103. On balance therefore, despite what might appear at first sight to be some confusion in the report of Dr Ridley as to diagnosis, I am now satisfied having read his reports and heard him in evidence at Warrnambool, that the correct and preferable diagnosis of the applicant is that of PTSD.
104. With respect to alcohol abuse and dependence there is no contest that the applicant did consume alcohol prior to enlistment. The respondent has also conceded the diagnosis of alcohol abuse or dependence but does not concede that it has a connection to service.
105. I am satisfied on all the medical reports read, upon the evidence of Mr Jensen and upon the evidence of the doctors in these proceedings, that despite the consumption of alcohol prior to enlistment (probably being responsible for his anti social behaviour pre-enlistment) that he has, subsequent to enlistment, consumed alcohol at a rate greater in quantity and frequency.
106. I am therefore satisfied that the applicable SOPs for consideration in this review are Instrument No. 76 of 1998 entitled Psychoactive Substance Abuse or Dependence and Instrument No. 3 of 1999 as modified by Instrument No. 54 of 1999 entitled Post Traumatic Stress Disorder.
107. Each Instrument contains a factor of experiencing a severe stressor prior to the clinical onset of PTSD or, clinical worsening of alcohol dependence or alcohol abuse respectively. The Instrument with respect to alcohol dependence provides that the severe stressor must be experienced within two years before the clinical worsening of the alcohol dependence or alcohol abuse. Paragraph 6 of that Instrument provides that the factor with respect to clinical worsening will only apply where there has been a material contribution or an aggravation of alcohol dependence or suffered or contracted before, or during, but not arising out of relevant service. In the context of this application, having regard to the evidence heard, there can be little doubt that the applicant was dependent upon alcohol prior to his operational service.

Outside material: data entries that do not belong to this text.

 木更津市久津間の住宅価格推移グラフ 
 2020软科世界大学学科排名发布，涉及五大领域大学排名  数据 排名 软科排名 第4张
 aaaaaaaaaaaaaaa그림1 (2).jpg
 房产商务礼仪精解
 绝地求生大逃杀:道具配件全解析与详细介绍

108. In both Instruments the definition of “experiencing a severe stressor” is virtually identical. Instrument No. 54 of 1999 defines “experiencing a severe stressor” in the following terms:
“‘experiencing a severe stressor’ means the person experienced, witnessed, or was confronted with an event or events that involved actual or threat of death or serious injury, or a threat to the person’s, or another person’s, physical integrity.
In the setting of service in the Defence Forces, or other service where the Veterans’ Entitlements Act applies, events that qualify as severe stressors include:
(i)threat of serious injury or death; or
(ii)engagement with the enemy; or
(iii)witnessing casualties or participation in or observation of casualty clearance, atrocities or abusive violence;”

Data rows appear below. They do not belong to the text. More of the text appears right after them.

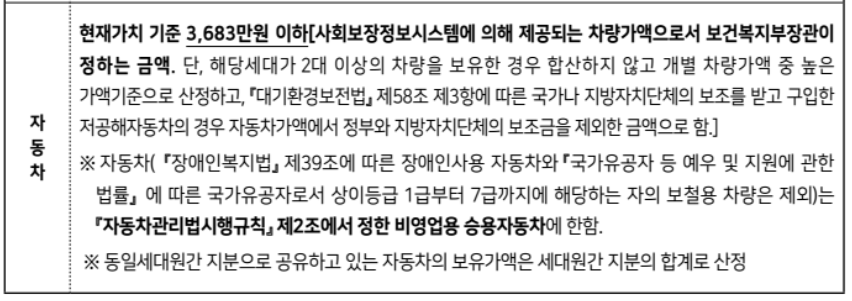 SH 보증금지원형 장기안심주택 신청방법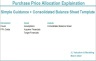 Purchase Prise Allocation Explaination Model-Simple Guidance- Goodwill ...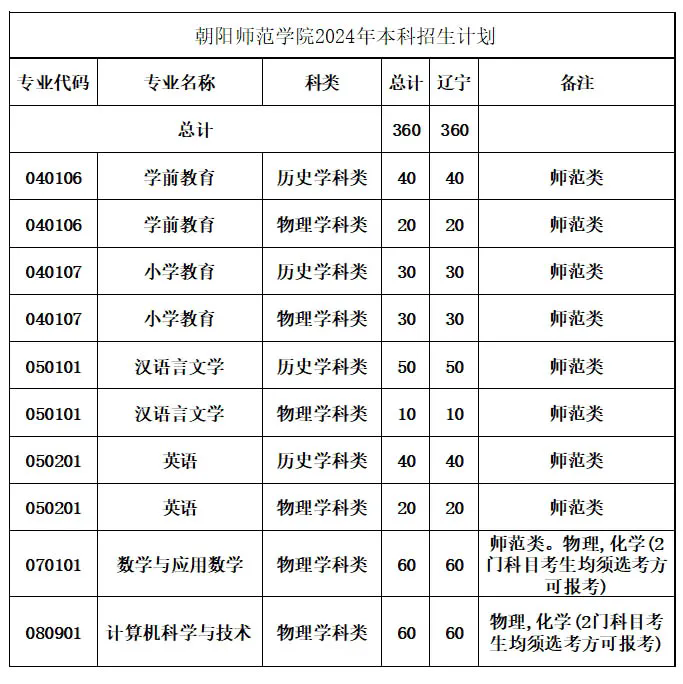 2024朝阳师范半岛在线注册招生计划-各专业招生人数是多少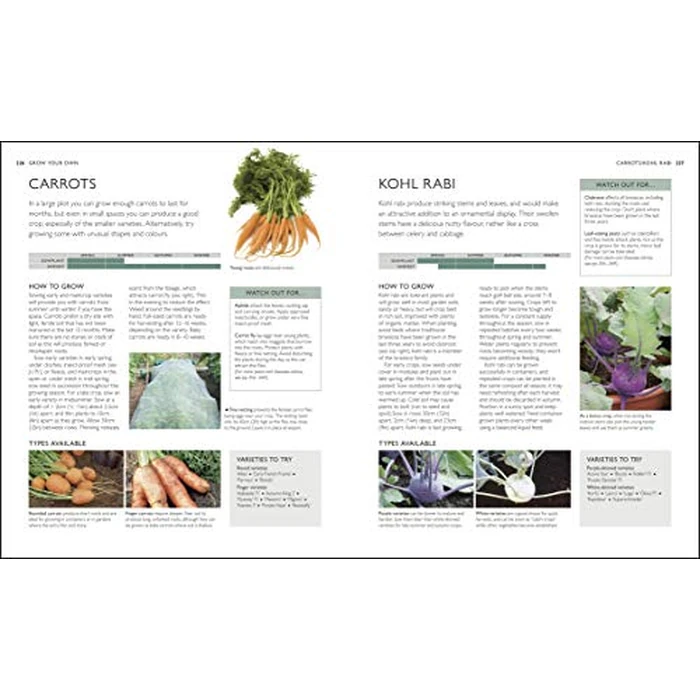 RHS Complete Gardener's Manual: The one-stop guide to plan, sow, plant, and grow your garden by DK - Image 4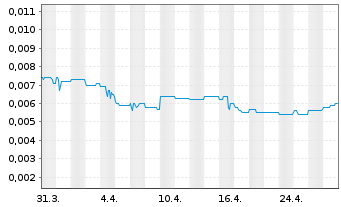 Chart Parkway Corporate Ltd. - 1 Month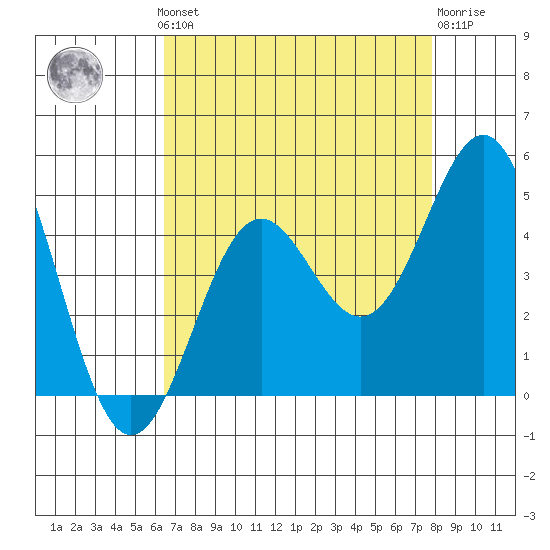 San Simeon Bay tide chart for Monday, August 19, 2024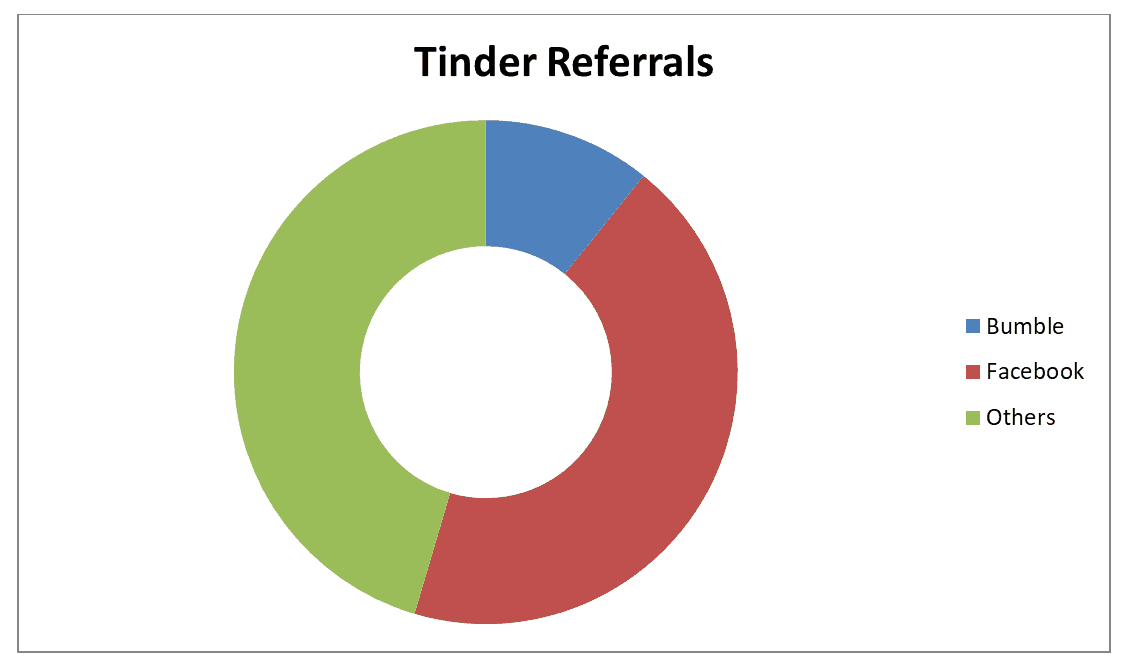 Tinder vs PoF 2024 Stats, success rates and much more!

109. Instrument No. 76 of 1998 differs from the above definition but only by the addition of the words “which event or events might evoke intense fear, helplessness or horror” after the word “integrity” in the first paragraph of the above definition.
110. The factors of “experiencing a severe stressor” respectively must exist as a minimum before it could be said that a reasonable hypothesis has been raised connecting PTSD and or alcohol dependence or alcohol abuse with relevant service.

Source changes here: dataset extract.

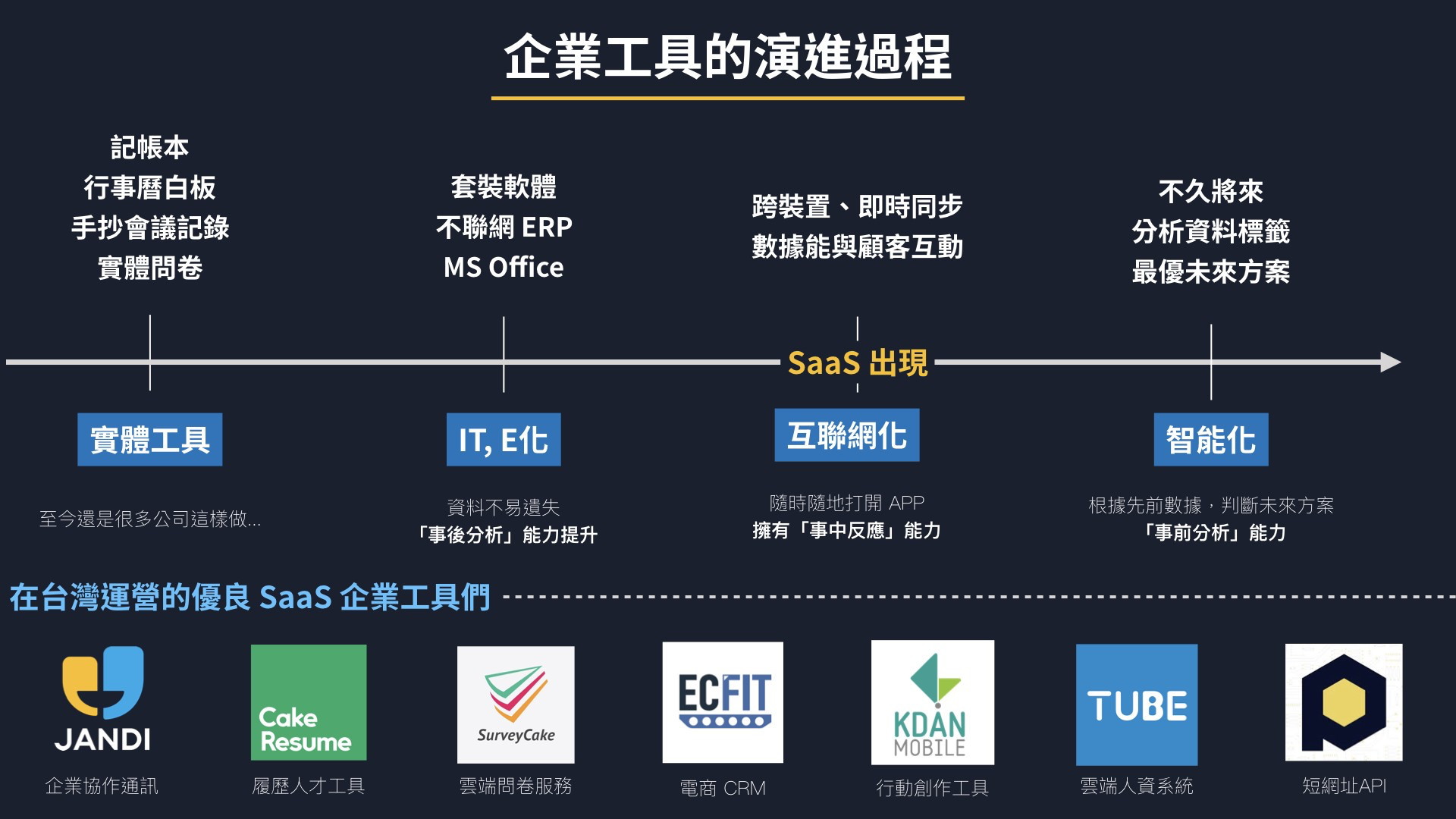 B2B 产品方法论(一):用户增长 & 内容运营方法论,To C 模型修正、 SaaS 产品特性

111. In Repatriation Commission v Deledio (1998) 83 FCR 82 a Full Federal Court decided that there were four steps that needed to be considered in deciding whether a war-caused injury or disease was suffered. Those four steps are in the following terms:
1. The tribunal must consider all the material which is before it and determine whether that material points to a hypothesis connecting the injury, disease or death with the circumstances of the particular service rendered by the person. No question of fact finding arises at this stage. If no such hypothesis arises, the application must fail.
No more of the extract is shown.